◆ Information provided:
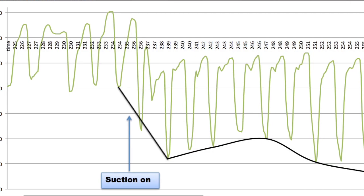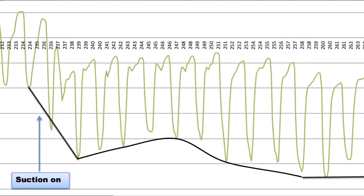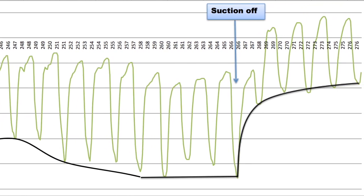In contrast, in expandable cases, the pressure drops rapidly and reaches a plateau during application of suction, followed by a rapid increase during recovery.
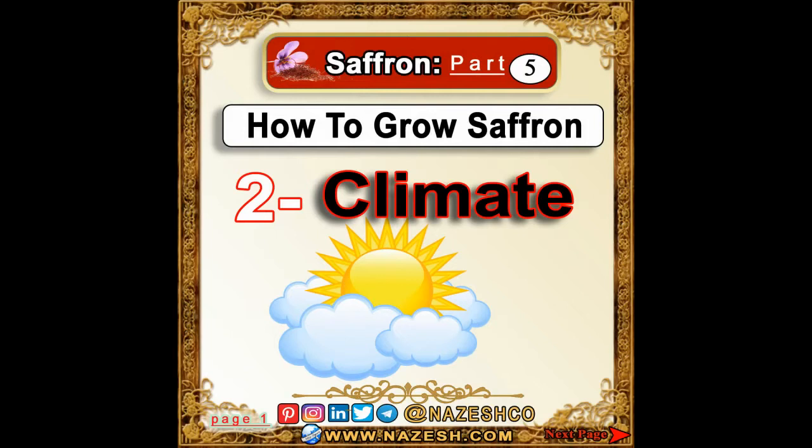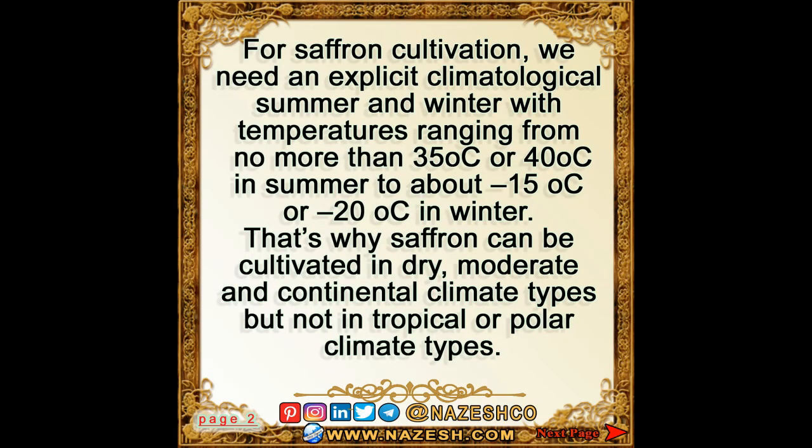Saffron part 5: how to grow saffron. For saffron cultivation we need an explicit climatological summer and winter, with temperatures ranging from no more than 35 to 40 degrees Celsius in summer, to about minus 15 to minus 20 degrees Celsius in winter.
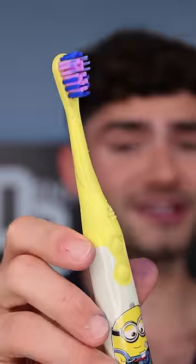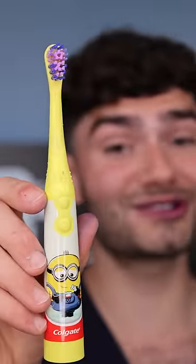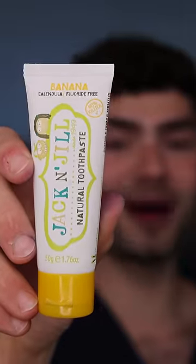This is Dental Digest, let's get brushing. Big fan of these bristles, but the vibrating motor is just a little too weak. The toothpaste is not as bad as I remember.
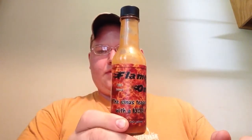Hey y'all, Mike Coonhunter. I decided I was going to get myself into some more reviews and I thought what better way to start out my review process than T-Motor sauce. I'm going to review his Flame On. As y'all can tell I'm almost out of this, but this is my favorite sauce that he made so far.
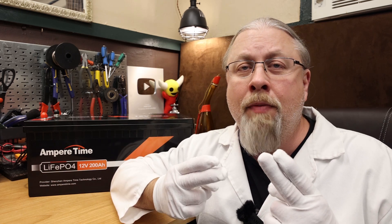Greetings, I'm Professor Hobo and welcome to another Hobo Technos product review.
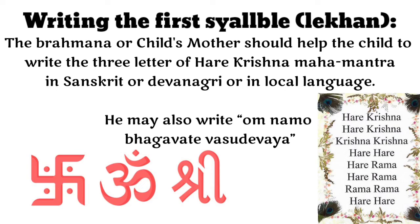Writing the first syllable — Lekhan. A Brahmana should help the child write the first 3 letters of the Hare Krishna Mahamantra in Sanskrit, Devanagari, or the local language. He may also write Om Namo Bhagwate Vasudevaya, or Shri and Om.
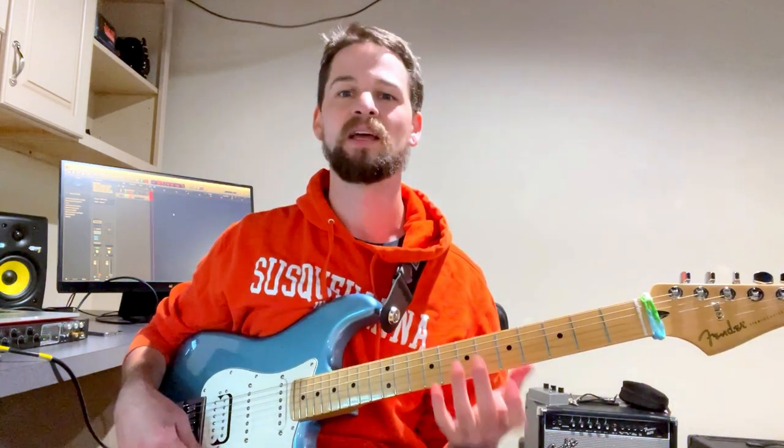Another thing that Buckethead does that's pretty wild, and I kind of don't think about it that much when I think about Buckethead, is his hybrid picking. Hybrid picking is using your pick and your fingers to create notes. It's how he gets the main riff from Welcome to Buckethead Land — he's picking and plucking at the same time.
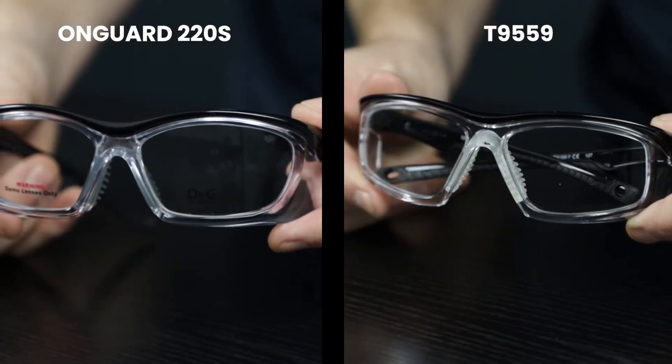Hey guys, this is Brian from RxSafety, and I'm here to show you two of our most popular frames: the T9559 and the OnGuard 220S. These frames share a lot of similarities in both looks and performance, and both are incredible safety glasses. Let's start with the similarities.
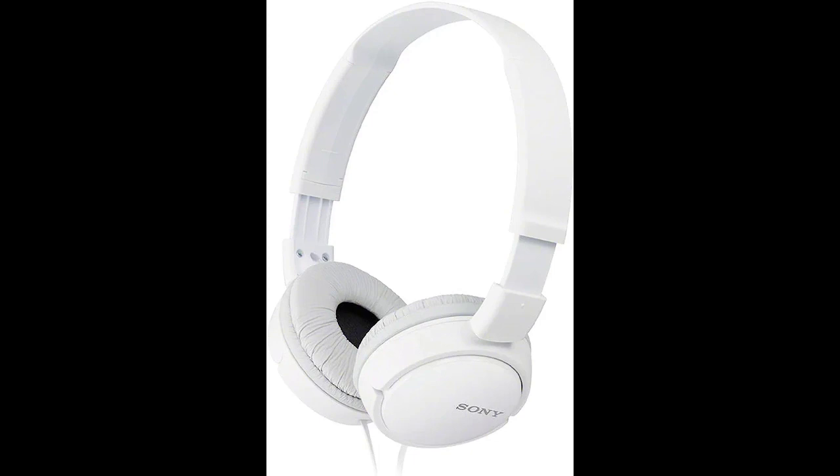Features and details: lightweight neodymium dynamic drivers deliver a punchy, rhythmic response to even the most demanding tracks.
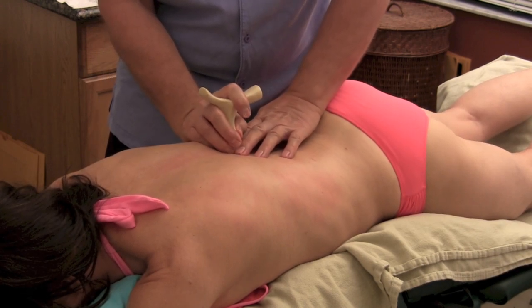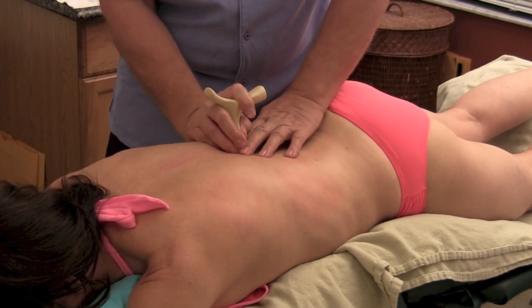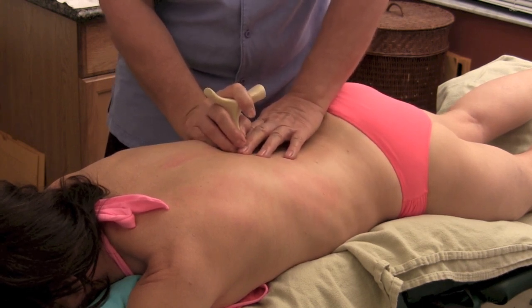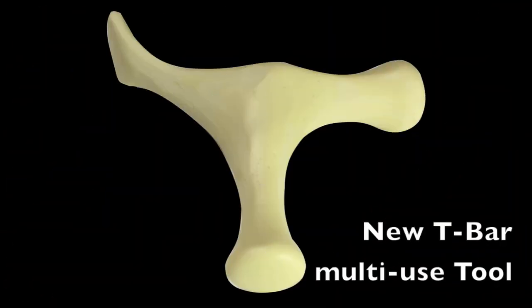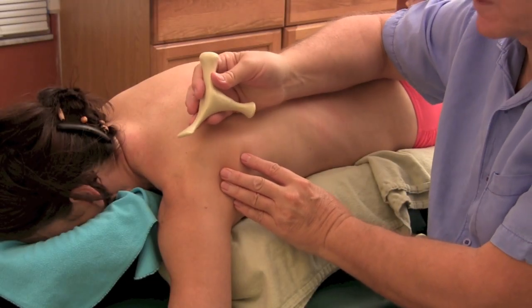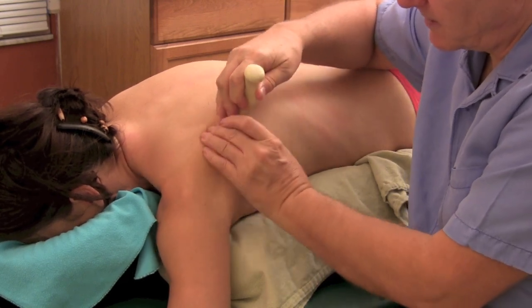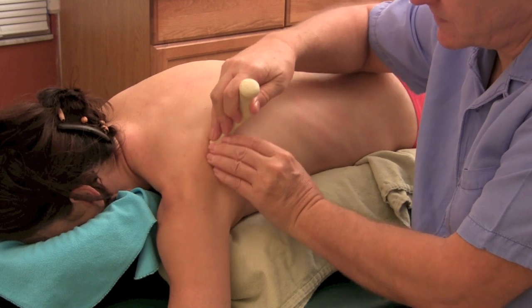Right there I feel a little speed bump, and I can hear a little vocalization from my patient as well. So I'm using the T-bar tool, using the flat edge and going right along the root of the scapula.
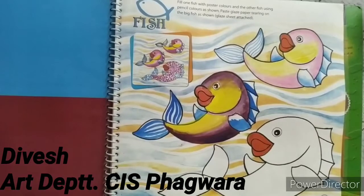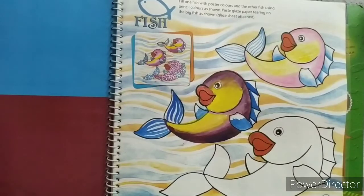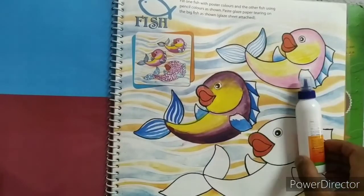Hello students, good morning. Today we will start this remaining topic. Required material for this topic: glazed paper and glue.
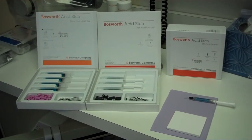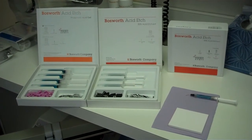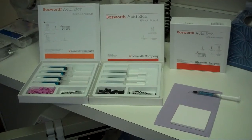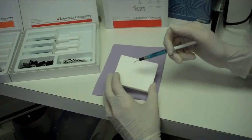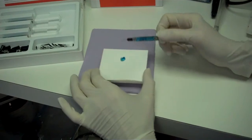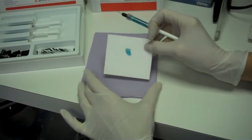Bosworth Acid Etch creates a deeper etch pattern for easier application of all your bonding materials. It is highly viscous for accurate placement, and yet it is easily and completely washed from the etched surface with no taste or odor for the patient.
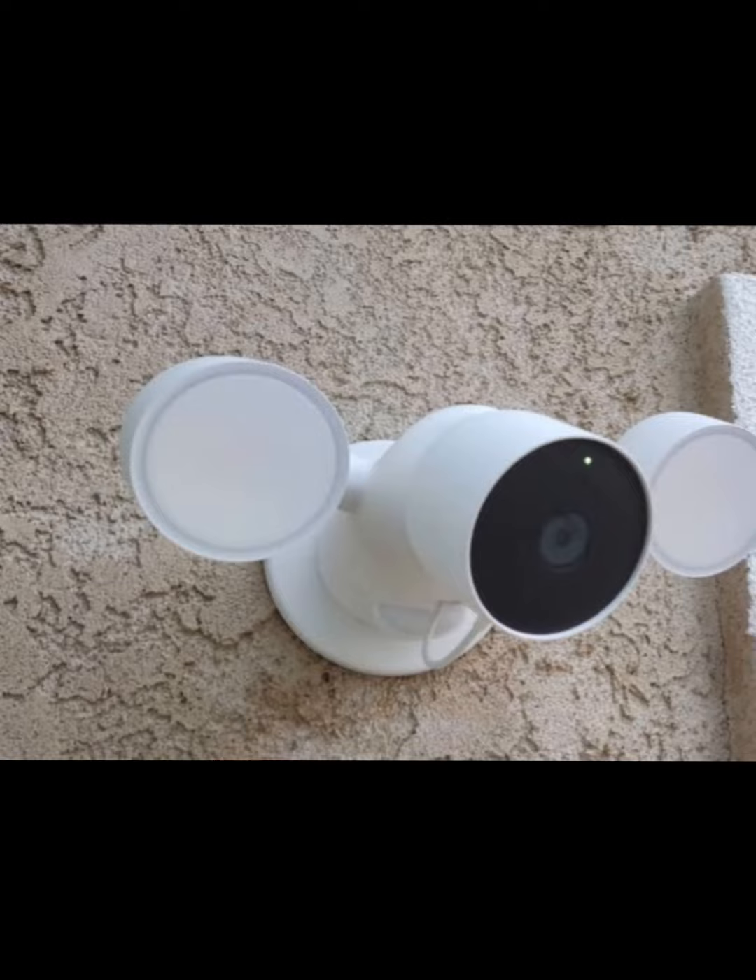A single subscription will cover every Nest Cam in your home, which is great if you want more cameras. I'll have another video right there that you're going to want to check out. Catch you over there!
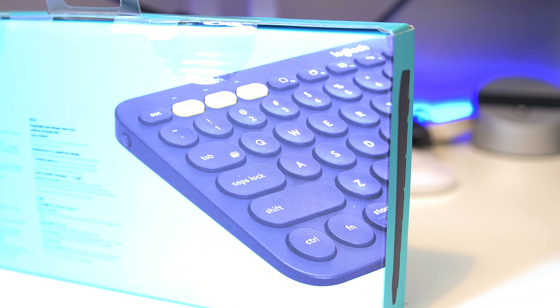Overall, a great little keyboard. I'll put the links in the description box below if you want to get one for yourself. If you haven't already, please consider subscribing. Thank you to Logitech for sending this out for me to review — I'll see you all in my next video.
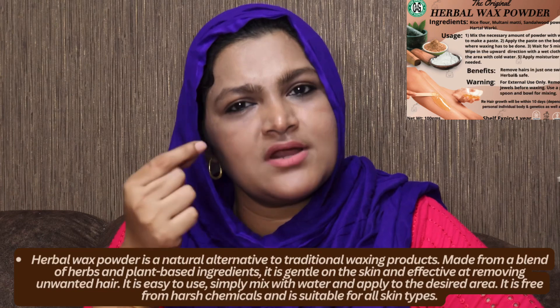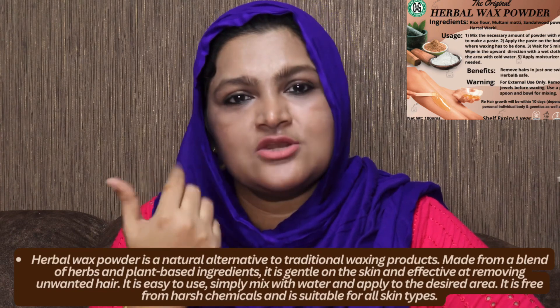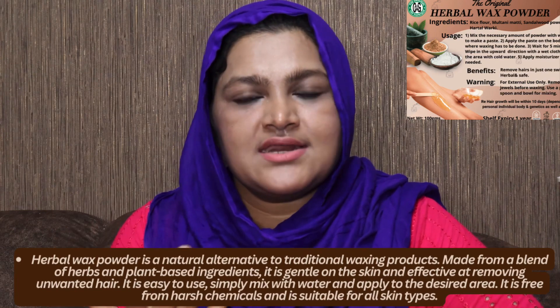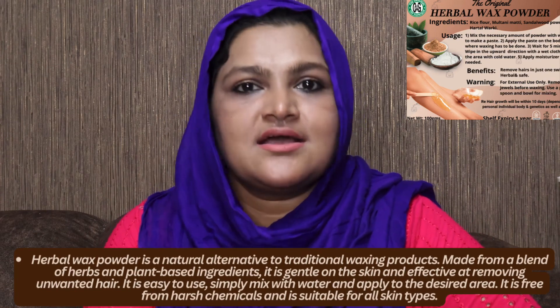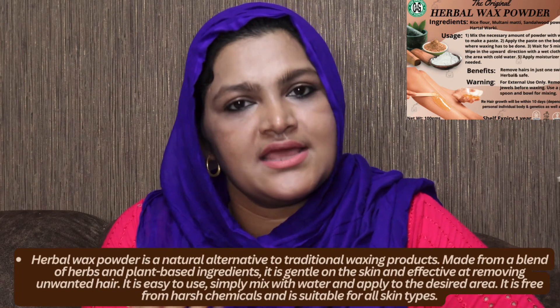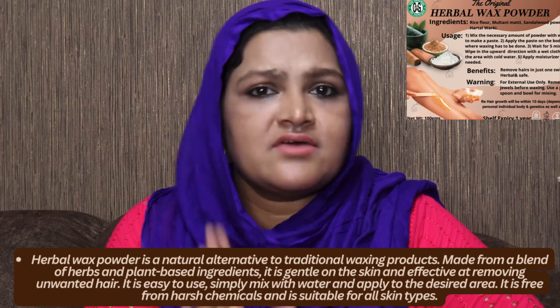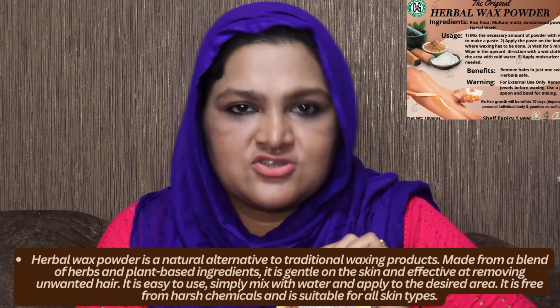Take just one or two spoons. Mix it and apply with a brush. You can also put cotton on the back.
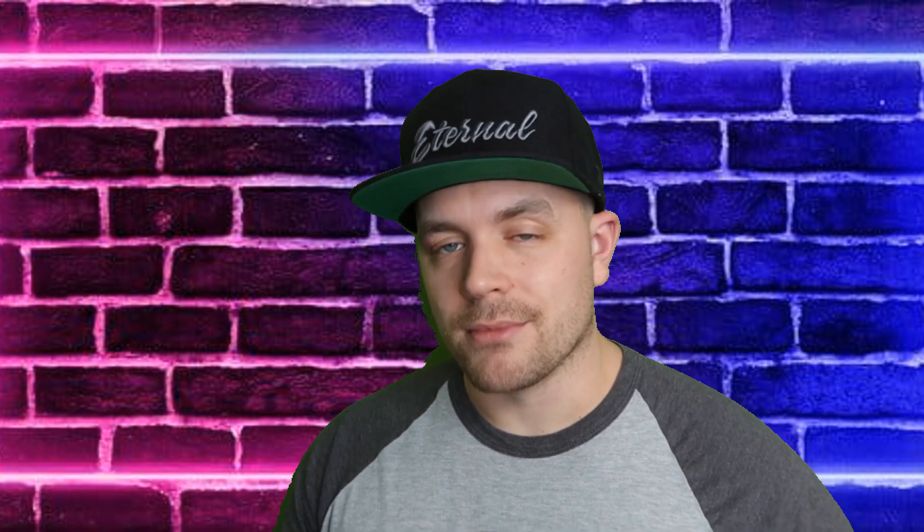You guys know the drill — if you enjoyed this video, smash the thumbs up, it's a huge help to me here on YouTube. Of course, hit the subscribe button to stay up to date on all future videos here on the Retro Gaming Guy YouTube channel. Thank you guys so much for watching, thanks for the support, I'll see you on the next video.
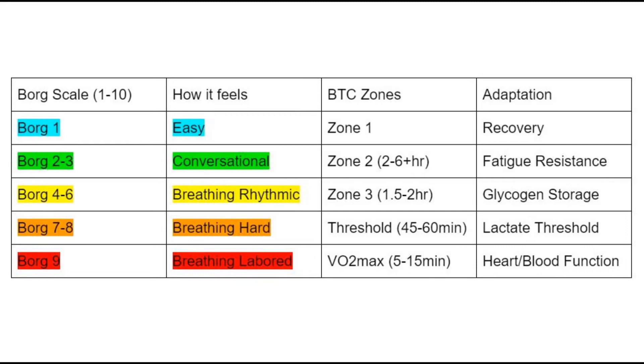I've included a Borg scale since it's the most common one for noting rate of perceived exertion or RPE. As you can see, the workout this week is in the easy to conversational range. How you feel relates closely to your breathing, so be more conscious of it moving forward.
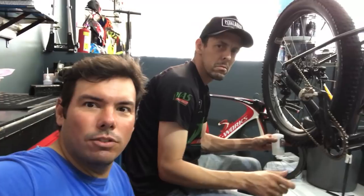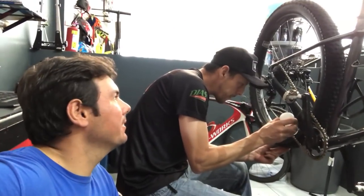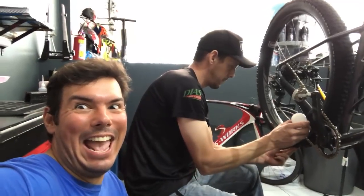Então galera, estou aqui com o meu amigo Magrão, nosso projetista, engenheiro, técnico. Magrão, você vai montar a nossa single? Tem que montar, né? Hoje está massa! Bom dia, galerinha do canal, tranquilo?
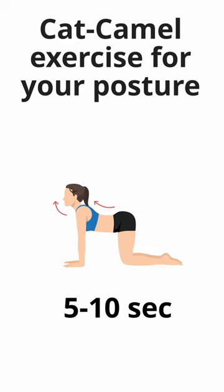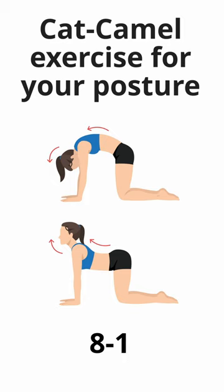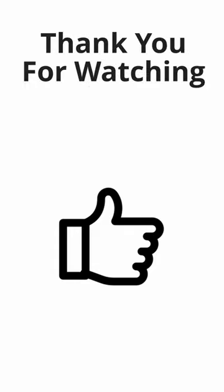Hold for a few seconds before returning to the starting position. Repeat the cat camel stretch for eight to ten repetitions, focusing on fluid movement and maintaining a neutral spine.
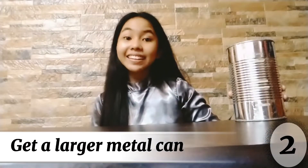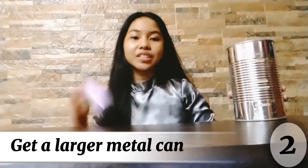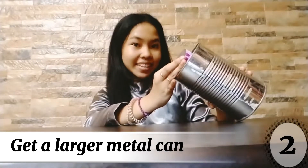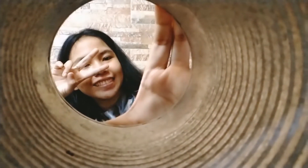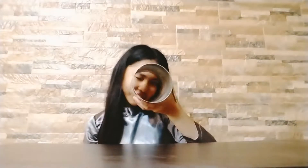Second, get a larger metal can — large enough that the small metal can will fit inside it with room to spare. Make sure that it is empty, clean, and open on both ends.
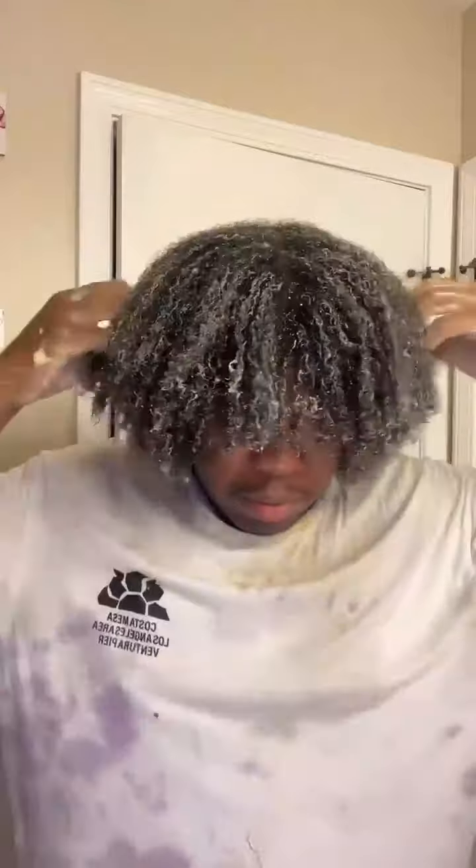So this is once I applied all of the product to my hair. As y'all can see, I made a mess — it is kind of messy, but it's going to be worth it. I left this in for about 15 minutes, deep conditioned and styled my hair as normal. And y'all, look at my curls.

◆ Exercise goal:
From the records above, extract the lines from the one holding "Bosworth Acid Etch" through the one holding "Hold for a few", word for word; omit the pictures.

◆ Written solution:
Bosworth Acid Etch creates a deeper etch pattern for easier application of all your bonding materials. It is highly viscous for accurate placement, and yet it is easily and completely washed from the etched surface with no taste or odor for the patient.
A single subscription will cover every Nest Cam in your home, which is great if you want more cameras. I'll have another video right there that you're going to want to check out. Catch you over there!
Overall, a great little keyboard. I'll put the links in the description box below if you want to get one for yourself. If you haven't already, please consider subscribing. Thank you to Logitech for sending this out for me to review — I'll see you all in my next video.
Take just one or two spoons. Mix it and apply with a brush. You can also put cotton on the back.
You guys know the drill — if you enjoyed this video, smash the thumbs up, it's a huge help to me here on YouTube. Of course, hit the subscribe button to stay up to date on all future videos here on the Retro Gaming Guy YouTube channel. Thank you guys so much for watching, thanks for the support, I'll see you on the next video.
I've included a Borg scale since it's the most common one for noting rate of perceived exertion or RPE. As you can see, the workout this week is in the easy to conversational range. How you feel relates closely to your breathing, so be more conscious of it moving forward.
Então galera, estou aqui com o meu amigo Magrão, nosso projetista, engenheiro, técnico. Magrão, você vai montar a nossa single? Tem que montar, né? Hoje está massa! Bom dia, galerinha do canal, tranquilo?
Hold for a few seconds before returning to the starting position. Repeat the cat camel stretch for eight to ten repetitions, focusing on fluid movement and maintaining a neutral spine.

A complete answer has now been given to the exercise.